Abdur Rohman memacu kudanya ke tengah dua barisan, lalu mengobrak-abrik dan membunuh sejumlah pasukan berkuda Romawi sebelah kanan barisan.
Kuda Abdur Rohman dipacu lagi agar membelah pasukan Romawi sebelah tengah, untuk membunuh sejumlah lawan.
Ketika Abdur Rohman memacu kudanya ke pasukan Romawi sebelah kiri; sejumlah anak panah melesat bertubi-tubi menyerang. Seorang bathriq datang untuk melawan, namun jurus-jurus Abdur Rohman berhasil menewaskannya. Bathriq lainnya menyerang, tetapi justru tewas oleh tebasan pedang mematikan Abdur Rohman.

Khalid berdoa dan berkata, “Ya Allah, lindungilah dia dengan Mata-Mu dan jagalah dia. ‘Sungguh hari ini Abdur Rohman seorang diri telah mengobrak-abrik musuh’.” [6]  
Khalid berteriak keras, “Hai Abdur Rohman! Demi uban dan pembaiatan ayahmu! Kau harus mundur ke tempatmu semula!.”[7]
Abdur Rohman memacu kudanya menuju tempatnya semula.

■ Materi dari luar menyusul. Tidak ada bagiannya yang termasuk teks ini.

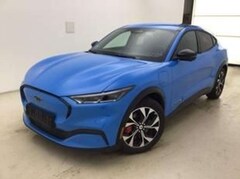 Bild des Angebotes Ford Mustang Mach-E Premium 4X4 ACC TECHNO-PLUS
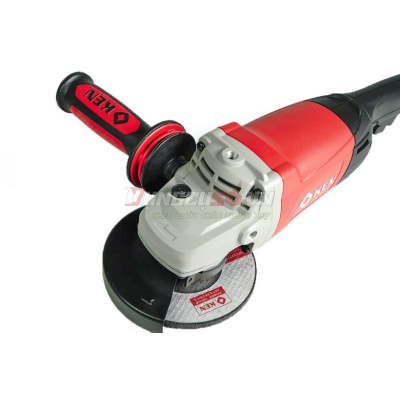 Máy mài góc 125mm Ken 9525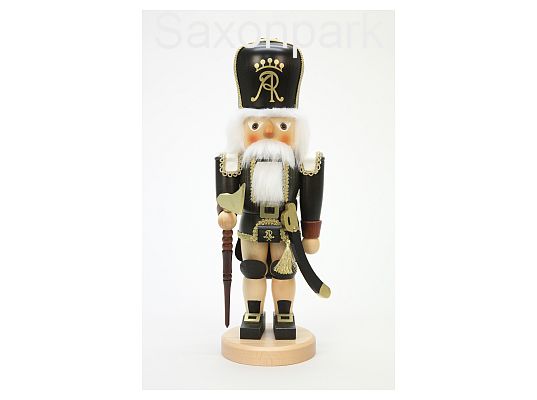 Ulbricht - nutcracker Miner Natural !!Discontinued item
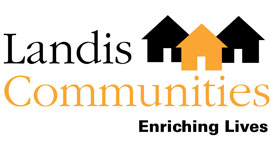 Landis Communities logo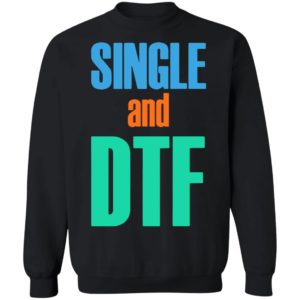 Single and Dtf shirt, Long Sleeve, Hoodie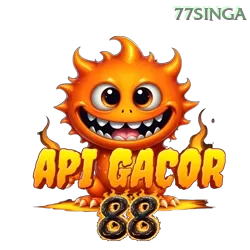 apigacor88 APK Resmi — ikon aplikasi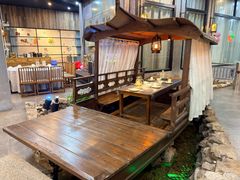 -花溪雨·森林餐厅(石基店)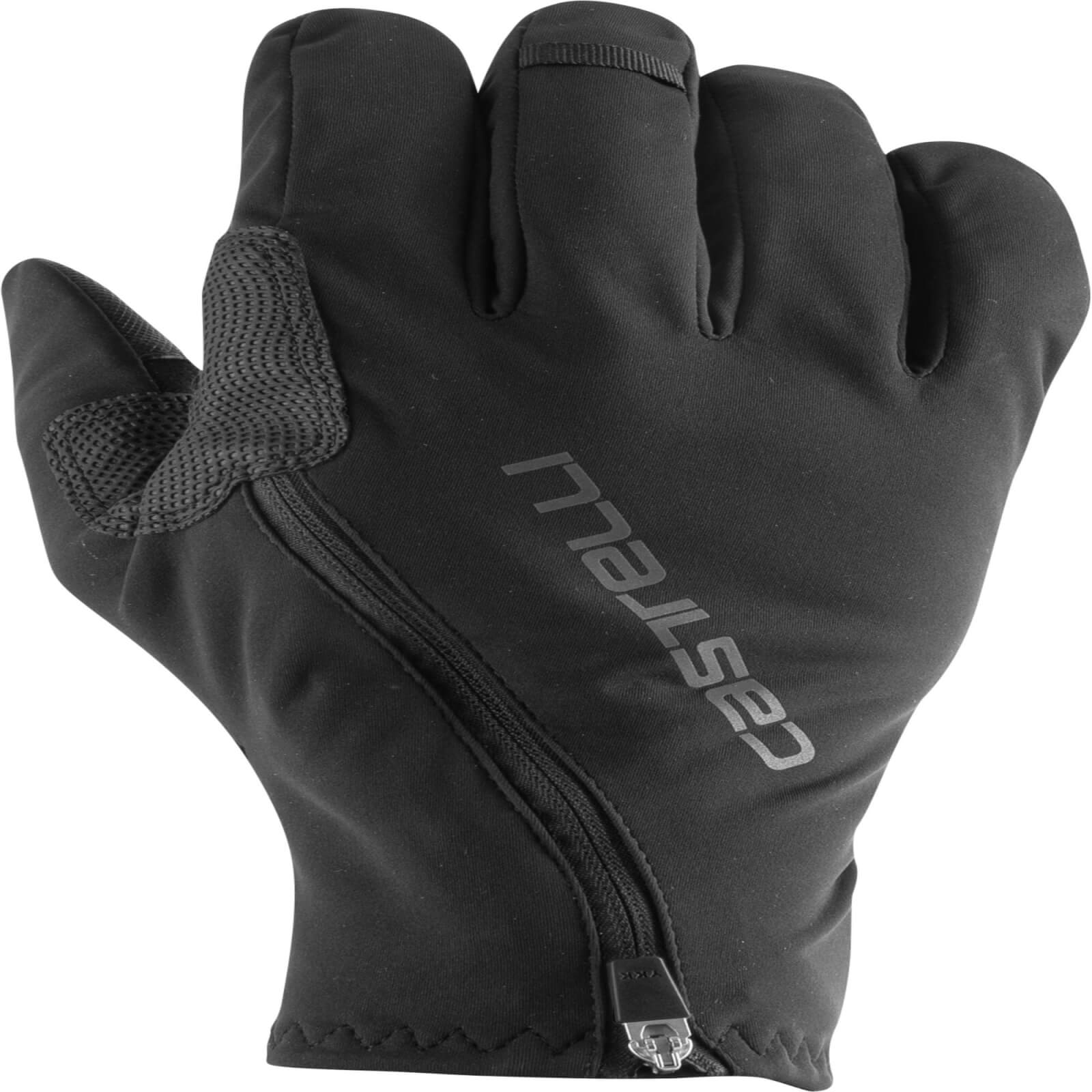 Castelli Spettacolo Ros Gloves - XXL - Black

Dalam peperangan akbar itu para wanita Muslimaat juga ikut berperang. Di antara mereka yang penting ialah: 1), Asma bintu Abu Bakr, istri Zubair Al-Awwam. 2), Khaulah bintul-Azwar. 3), Nusaibah bintu Kaeb. 4), Ummu Abban, istri Ikrimah bin Abi Jahl. 5), Azzah bintu Amir (عزة بنت عامر), istri Maslamah bin Auf Addhamri (مسلمة بن عوف الضمري). 6), Ramlah bintu Thulaichah (رملة بنت طليحة). 7), Ralah. 8), Umamah. 9), Zainab. 10), Hind. 11), Yamur (يعمر). 12), Dan sejumlah wanita lainnya.
Mereka  juga berperang mati-matian hingga membuat Allah dan Rasul-Nya ridho.


[1] Ketika itu adzan diserukan oleh beberapa orang. Dalam kitab aslinya ditulis:فلما أصبح القوم ولاح الفجر أذن المؤذنون’.
[2] Rathl (رَطْلٌ) nama satuan timbangan Arab.
[3] بسم الله وعلى بركة رسول الله صلى الله عليه وسلم. Artinya: Dengan Nama Allah dan barokah Rasulillah SAW.
[4] Mungkin Khalid tidak tahu bahwa bersumpah dengan selain Allah adalah terlarang. Al-Waqidi menulis tentang itu: فصاح به خالد: يا قيس سألتك بالله ورسوله إلا وجعت وتركت حدتها علي.
[5] Mungkin Abdur Rohman tidak tahu bahwa bersumpah menggunakan selain Nama Allah adalah terlarang, karena setelah nabi SAW wafat hidupnya hanya untuk berjihad, sehingga kurang mengajinya.
[6] Al-Waqidi menulis doa itu: اللهم ارعه بعينك واحفظه فإن عبد الرحمن قد اصطلى اليوم الحرب بنفسه. Baca: Allaahummar ‘ihii bi ainiKa wachfadlhu fa inna Abdar Rohmani qadishthalaal yaumal charba binafsih.
[7] Mungkin Khalid tidak tahu bahwa sumpah dengan selain Nama Allah terlarang, karena hidupnya hanya untuk berjihad sehingga kurang mengajinya.